L’album commence par un lointain bruit de train. Soudain, la voix entame seule son chemin, rapidement rejointe par un canevas de cliquetis métalliques ; le débit, continu et rapide, s’arrête brusquement sur un « J’ai fini d’être con, mais trop tard« , laisse place à un quasi-silence puis à un bref sample, reprend sa course haletante sans attendre la fin de celui-ci, se bloque de nouveau sur la même phrase, tandis que le sample revient et s’éteint en même temps que le beat, ne laissant que le bruit du train qui s’éloigne. La construction est parfaite, le récit poignant, la production tranchante. Bienvenu dans le monde de Chiens de Paille.

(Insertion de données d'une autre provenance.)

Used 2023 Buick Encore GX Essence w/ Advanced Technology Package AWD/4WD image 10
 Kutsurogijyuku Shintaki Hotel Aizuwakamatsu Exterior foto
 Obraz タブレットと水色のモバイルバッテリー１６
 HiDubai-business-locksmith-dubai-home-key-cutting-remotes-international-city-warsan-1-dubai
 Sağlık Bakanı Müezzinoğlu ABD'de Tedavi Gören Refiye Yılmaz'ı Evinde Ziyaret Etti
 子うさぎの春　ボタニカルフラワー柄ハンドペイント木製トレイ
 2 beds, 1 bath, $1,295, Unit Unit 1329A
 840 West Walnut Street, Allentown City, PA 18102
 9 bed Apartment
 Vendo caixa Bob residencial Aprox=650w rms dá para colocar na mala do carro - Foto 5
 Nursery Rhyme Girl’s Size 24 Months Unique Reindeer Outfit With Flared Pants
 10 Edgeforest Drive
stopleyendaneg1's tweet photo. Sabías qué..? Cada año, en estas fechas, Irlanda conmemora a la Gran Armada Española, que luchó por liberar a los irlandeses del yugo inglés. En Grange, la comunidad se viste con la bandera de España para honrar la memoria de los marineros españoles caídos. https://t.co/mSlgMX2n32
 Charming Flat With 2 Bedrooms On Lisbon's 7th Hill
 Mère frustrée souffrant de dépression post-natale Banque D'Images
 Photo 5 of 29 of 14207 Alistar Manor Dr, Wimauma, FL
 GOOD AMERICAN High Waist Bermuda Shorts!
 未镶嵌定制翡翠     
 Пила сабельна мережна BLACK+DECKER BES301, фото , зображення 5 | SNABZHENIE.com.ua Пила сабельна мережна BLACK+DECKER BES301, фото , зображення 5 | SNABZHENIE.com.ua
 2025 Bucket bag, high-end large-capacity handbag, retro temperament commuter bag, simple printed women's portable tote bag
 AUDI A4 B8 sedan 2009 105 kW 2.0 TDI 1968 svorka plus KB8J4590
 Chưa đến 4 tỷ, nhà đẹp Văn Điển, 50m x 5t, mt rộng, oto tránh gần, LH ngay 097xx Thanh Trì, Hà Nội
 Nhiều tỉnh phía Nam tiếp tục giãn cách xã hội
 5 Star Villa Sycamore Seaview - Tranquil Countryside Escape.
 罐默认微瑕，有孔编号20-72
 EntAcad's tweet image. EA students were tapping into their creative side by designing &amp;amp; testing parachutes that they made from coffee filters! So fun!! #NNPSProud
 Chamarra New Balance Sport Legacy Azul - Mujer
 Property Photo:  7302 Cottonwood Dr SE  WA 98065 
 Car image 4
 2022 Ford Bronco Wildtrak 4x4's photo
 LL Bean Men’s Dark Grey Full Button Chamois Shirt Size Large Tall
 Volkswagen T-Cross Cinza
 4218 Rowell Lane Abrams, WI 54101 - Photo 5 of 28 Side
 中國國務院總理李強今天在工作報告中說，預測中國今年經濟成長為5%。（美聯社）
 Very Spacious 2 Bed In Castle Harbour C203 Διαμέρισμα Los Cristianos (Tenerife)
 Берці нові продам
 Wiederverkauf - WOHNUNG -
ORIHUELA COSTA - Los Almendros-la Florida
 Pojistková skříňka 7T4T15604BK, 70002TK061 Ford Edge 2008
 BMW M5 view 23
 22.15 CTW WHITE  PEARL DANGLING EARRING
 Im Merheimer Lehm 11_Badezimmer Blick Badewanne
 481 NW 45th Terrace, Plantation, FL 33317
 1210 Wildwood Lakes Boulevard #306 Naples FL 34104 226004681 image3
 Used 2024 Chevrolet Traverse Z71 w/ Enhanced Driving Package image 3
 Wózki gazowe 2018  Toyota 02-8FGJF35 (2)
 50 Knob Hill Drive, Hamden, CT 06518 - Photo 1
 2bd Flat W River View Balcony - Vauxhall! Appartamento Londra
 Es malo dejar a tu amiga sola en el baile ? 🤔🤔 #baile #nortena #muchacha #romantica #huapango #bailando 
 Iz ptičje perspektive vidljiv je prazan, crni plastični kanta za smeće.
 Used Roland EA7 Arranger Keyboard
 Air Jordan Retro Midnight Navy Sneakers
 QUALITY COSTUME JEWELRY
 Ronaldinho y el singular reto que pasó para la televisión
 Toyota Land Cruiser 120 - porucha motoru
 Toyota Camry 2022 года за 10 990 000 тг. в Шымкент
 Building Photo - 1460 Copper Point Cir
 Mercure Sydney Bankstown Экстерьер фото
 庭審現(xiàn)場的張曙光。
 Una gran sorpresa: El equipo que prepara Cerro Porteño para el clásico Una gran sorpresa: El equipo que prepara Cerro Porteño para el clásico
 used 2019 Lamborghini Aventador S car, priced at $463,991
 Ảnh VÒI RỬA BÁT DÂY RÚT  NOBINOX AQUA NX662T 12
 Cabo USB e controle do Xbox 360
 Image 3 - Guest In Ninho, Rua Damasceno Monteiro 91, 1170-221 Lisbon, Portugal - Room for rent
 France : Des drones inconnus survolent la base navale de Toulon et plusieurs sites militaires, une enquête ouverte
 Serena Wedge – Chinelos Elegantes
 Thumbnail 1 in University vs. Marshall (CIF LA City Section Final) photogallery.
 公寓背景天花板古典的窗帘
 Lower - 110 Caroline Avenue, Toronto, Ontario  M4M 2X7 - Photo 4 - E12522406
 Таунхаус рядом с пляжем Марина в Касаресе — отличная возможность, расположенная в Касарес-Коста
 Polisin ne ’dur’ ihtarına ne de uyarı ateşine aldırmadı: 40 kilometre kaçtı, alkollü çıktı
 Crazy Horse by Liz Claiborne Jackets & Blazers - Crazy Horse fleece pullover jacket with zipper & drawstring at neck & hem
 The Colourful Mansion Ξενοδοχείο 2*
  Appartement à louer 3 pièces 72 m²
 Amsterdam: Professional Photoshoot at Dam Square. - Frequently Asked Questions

Même si on perçoit une légère évolution, le flow de Sako nous indique immédiatement que la continuité a été le mot d’ordre de son travail. Phrases longues, rythme extrêmement régulier, ton peu modulé, syllabes happées : hormis l’énergie inédite sur ‘Fonctions vitales’, aucune nouveauté n’est décelable du côté de son phrasé. D’ailleurs, les deux fois que le rappeur s’écarte de sa cadence de prédilection, sa prononciation se fait légèrement moins aisée : soit trop calée sur le beat (‘Post scriptum’), soit trop poussée pour être sincère (‘Un bout de route’). Alors, Sako incapable d’aguicher l’auditeur par son simple timbre vocal ? En fait, la réponse est à la fois négative et accessoire. Négative, parce que Sako possède un charisme bien propre, une aura hypnotique, une capacité à rapper sans beat et une retenue touchante qui singularisent sa présence. Accessoire, parce que l’atout du groupe ne réside évidemment pas là, tant le couple flow-productions n’est ici qu’un support aux textes. La réputation de lyriciste hors-pair est peut-être celle qui a le plus été diffusée quant aux qualités du MC. Loin d’être un rappeur purement technique cherchant la rime pour la rime (« Écrire pour écrire écorche notre art« ), il s’appuie au contraire sur la forme pour étayer son fond. Mieux, il fond son style dans son message pour qu’ils ne fassent qu’un. L’écriture, complexe et fouillée, constituera probablement un handicap pour certains, mais il n’y attache aucune importance : « Si ce que tu dis est trop complexe, si ce n’est pas accessible à l’oreille d’entrée de jeu, on zappe le truc. Il y a une éducation à faire de ce côté là en France« . A l’auditeur donc de faire l’effort. En contrepartie, la récompense est à la hauteur du labeur exigé.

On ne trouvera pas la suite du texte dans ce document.